What is expected –
The answer should hold only the lines from the beginning of the listing below to the line containing "Harmaa minityöpöytäimuri, USB-lataus, kannettava, langaton", both included, with every picture left out.

[[ Data for analysis open ]]

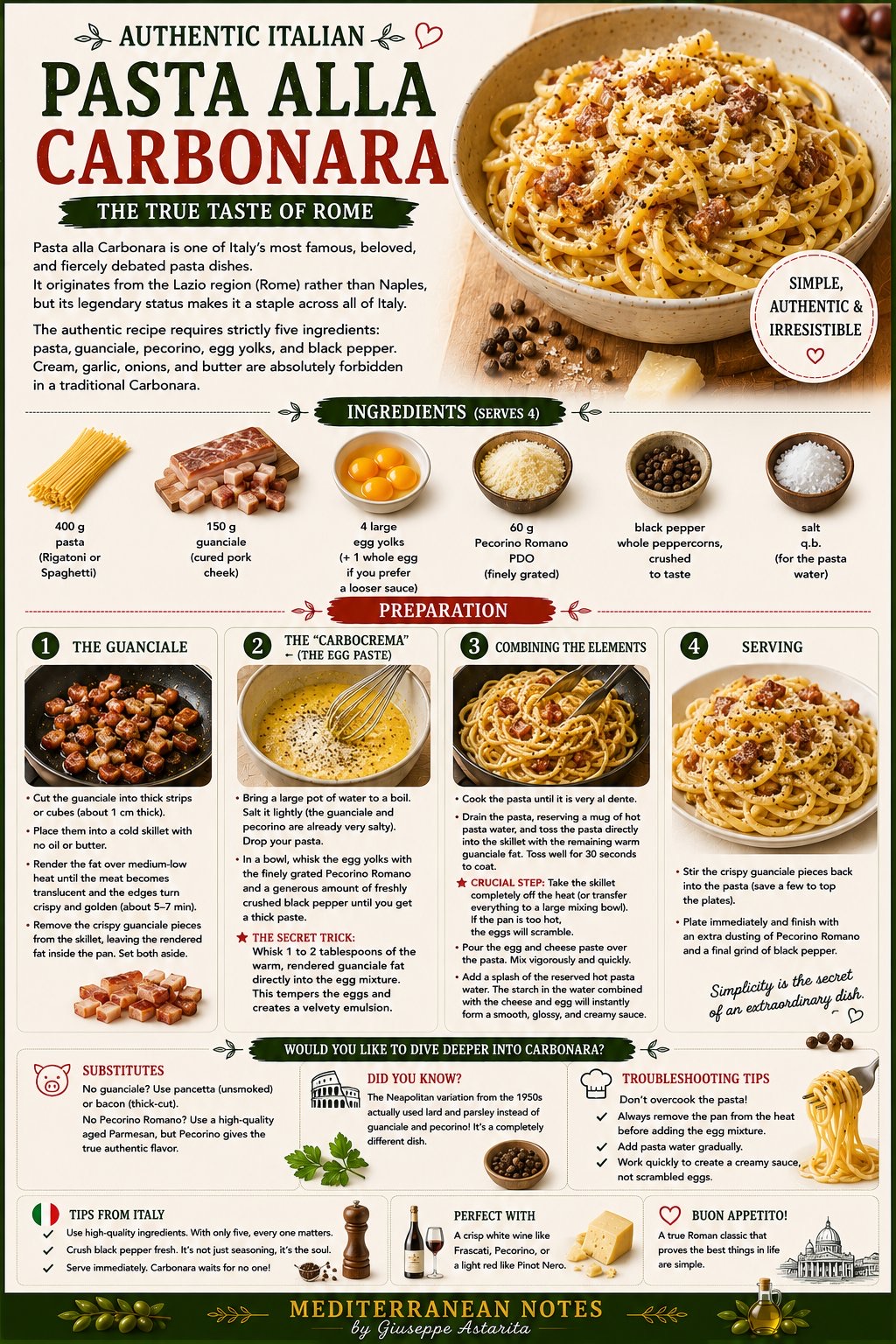 Pasta alla carbonara infographic — ingredients and preparation steps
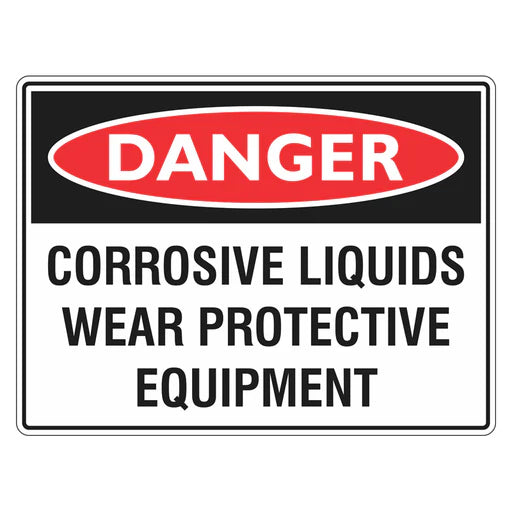 Danger Sign – Corrosive Liquids Wear Protective Equipment - Premium Nameplates
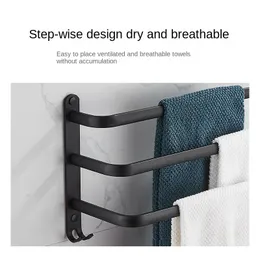 Livhil Bath Towel Bars Matte Black Bathroom 3-Tiers Ladder Towel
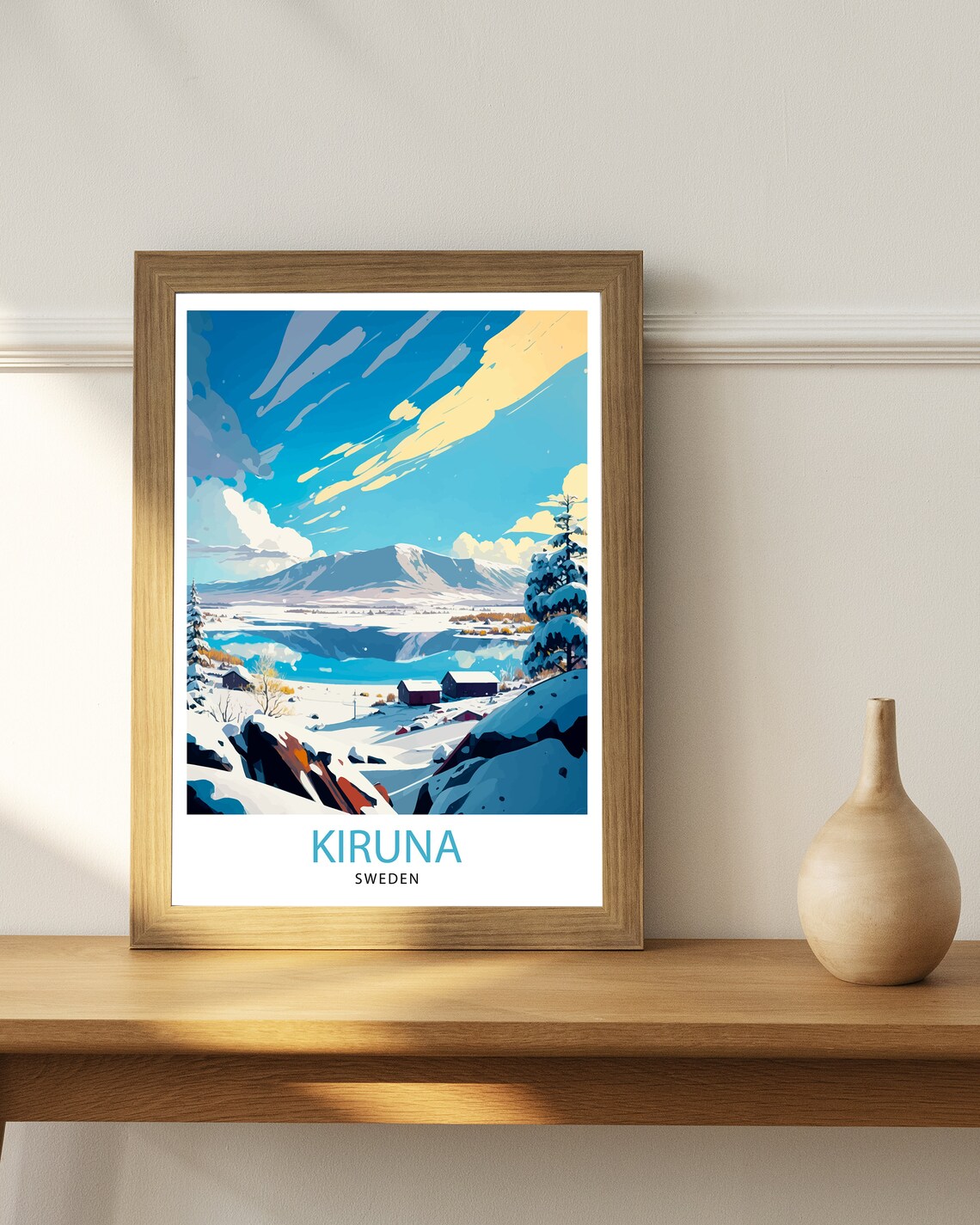 Kiruna Sweden Arctic Snow Village Lake Winter Vintage Travel Poster - Image 2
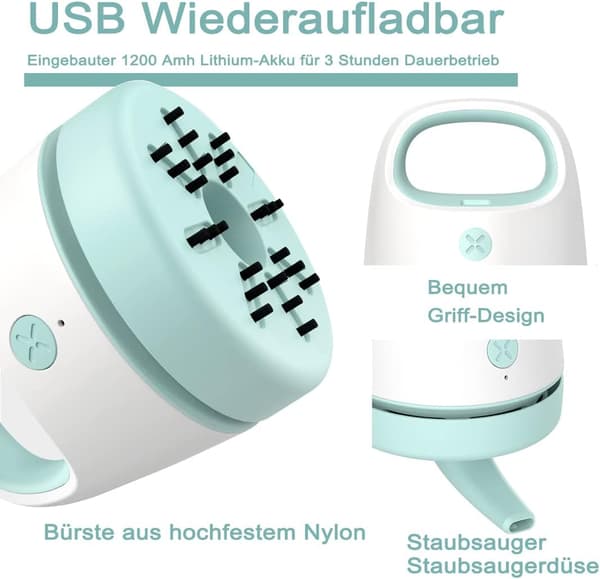 Harmaa minityöpöytäimuri, USB-lataus, kannettava, langaton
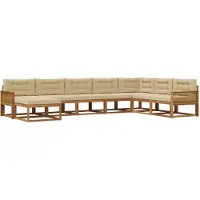 vidaXL Buiten bank set 8 st Natuurlijk en Beige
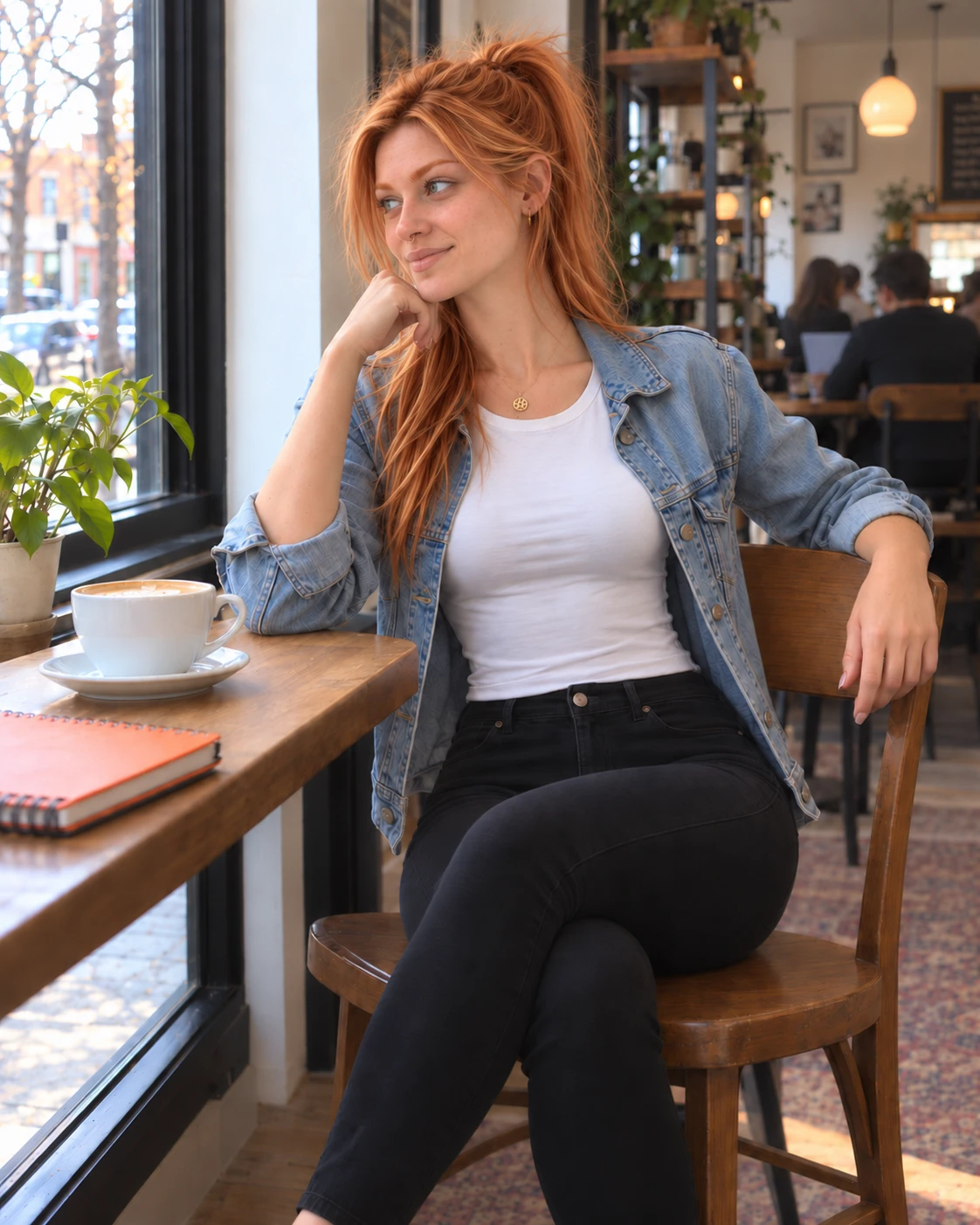 Nina en una cafetería, junto a la ventana, con café y cuaderno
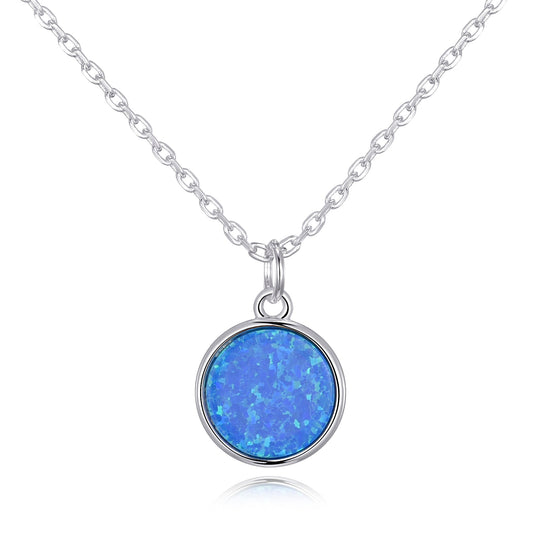 Collier opale synthétique bleue plaqué argent avec carte de citation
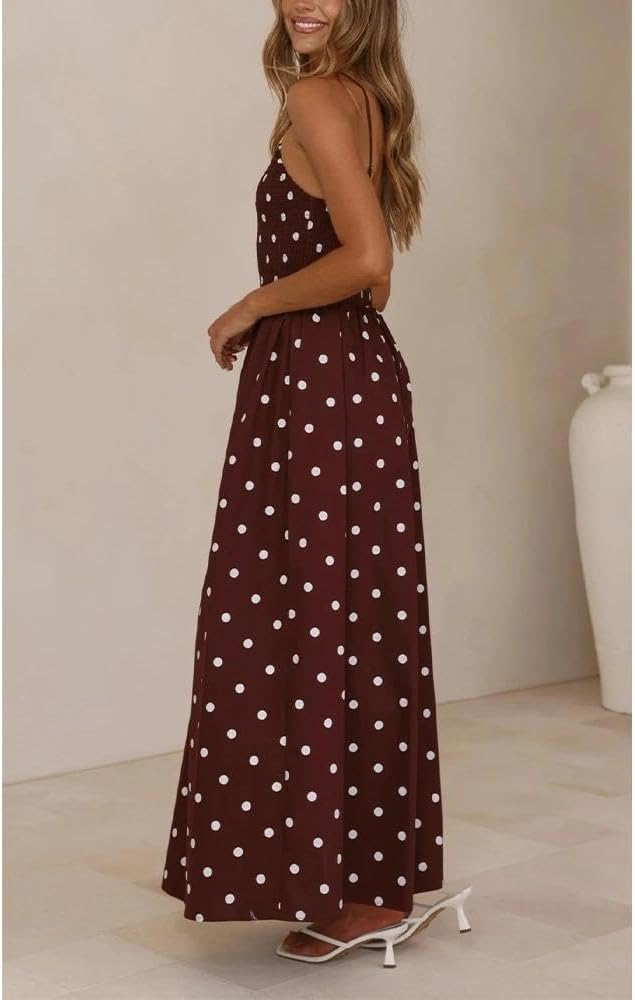 Women Polka Dot Maxi Dress Smocked Spaghetti Strap Flowy Sundress Summer Beach Vacation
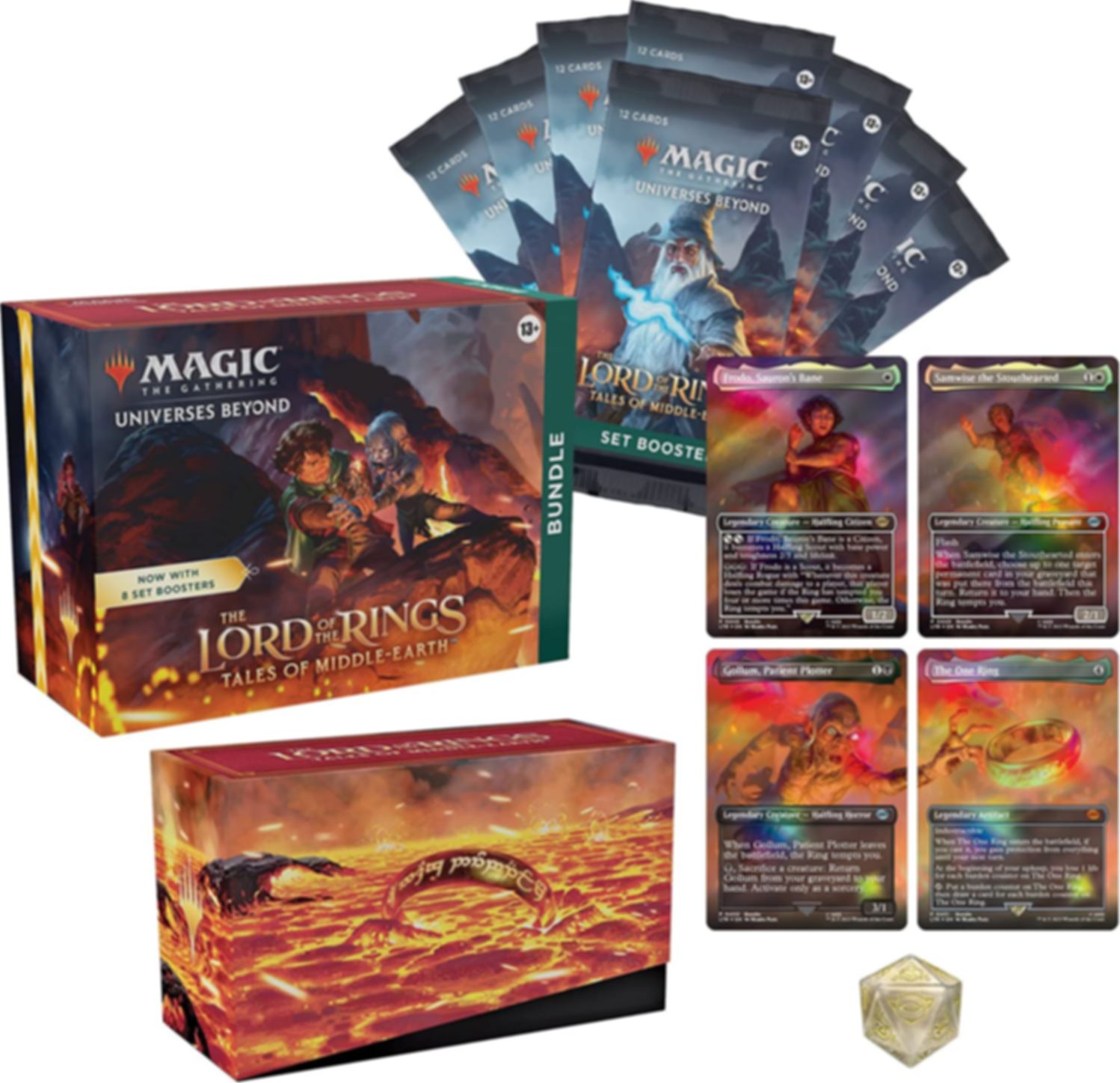 Magic the Gathering: Universes Beyond: The Lord of the Rings: Bundle componenten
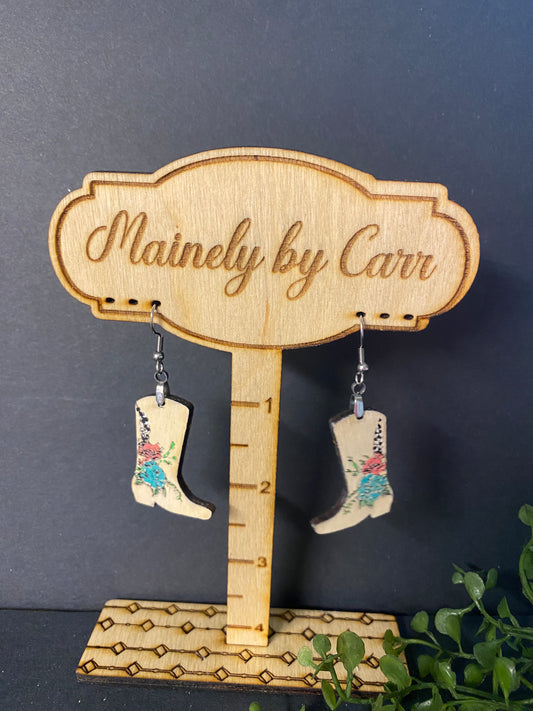 Cowboy Boot Earrings with Flowers and Feather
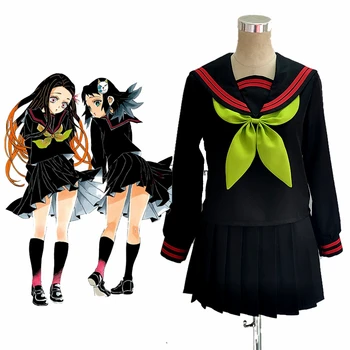 Anime Demon Slayer Kimetsu ne Yaiba Cosplay Nezuko Kamado Makomo Cosplay Kostum JK Šolskih Uniformah Mornar Obleko Dekleta, Ženske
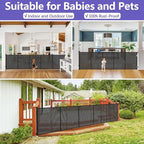 Reinforced 42" Tall Pet Gate 96" Wide Retractable Baby Gate, Indoor/Outdoor | Tall Retractable Dog Gate Prevents Crawling Under, One-Hand Operation Safety Lock, Scratch-Resistant Mesh, Easy Install/Black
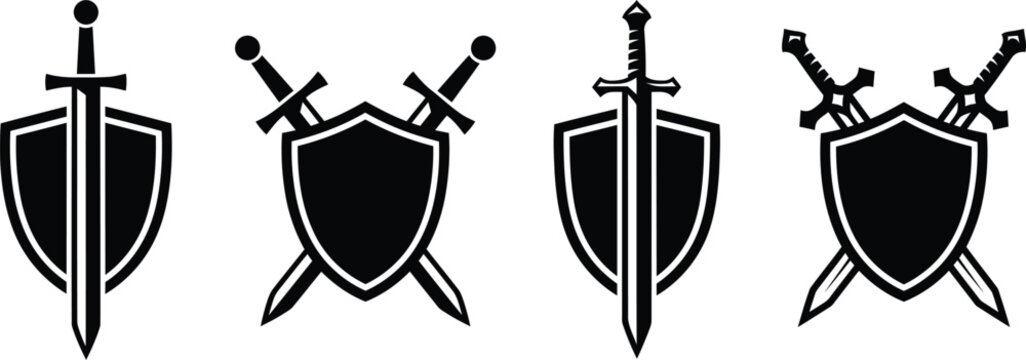 Set of four black and white heraldic shield and sword icons for medieval game design elements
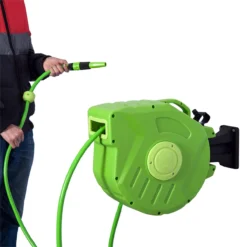 Outsunny Carrete Para Manguera Soporte Mural Portamanguera 20m Roll-up Automático Con Pistola De Pulverización Base De Pared Conector De Manguera Para Jardín Terraza -Ofertas Verdi Jar Tienda d8d49aba000f7b8985bc0a8cdefd3ebe6e3313f5 c7d12d0a380f4b5cbe929820417389c6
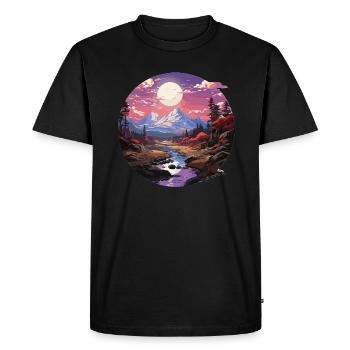 Landscape - Illustration - Men's Premium Organic T-Shirt - black - Front - Nico (187cm)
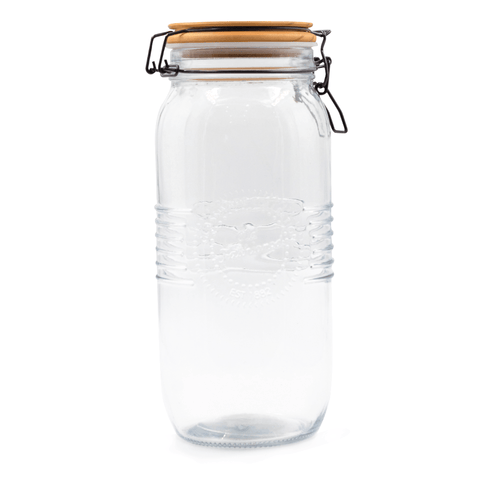 Frasco Hermético Tapa de Bambú 2000 ml - Estado Natural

[[ Data for analysis closed ]]

Written solution –
 Pasta alla carbonara infographic — ingredients and preparation steps
 Danger Sign – Corrosive Liquids Wear Protective Equipment - Premium Nameplates
 Livhil Bath Towel Bars Matte Black Bathroom 3-Tiers Ladder Towel
 Kiruna Sweden Arctic Snow Village Lake Winter Vintage Travel Poster - Image 2
 Harmaa minityöpöytäimuri, USB-lataus, kannettava, langaton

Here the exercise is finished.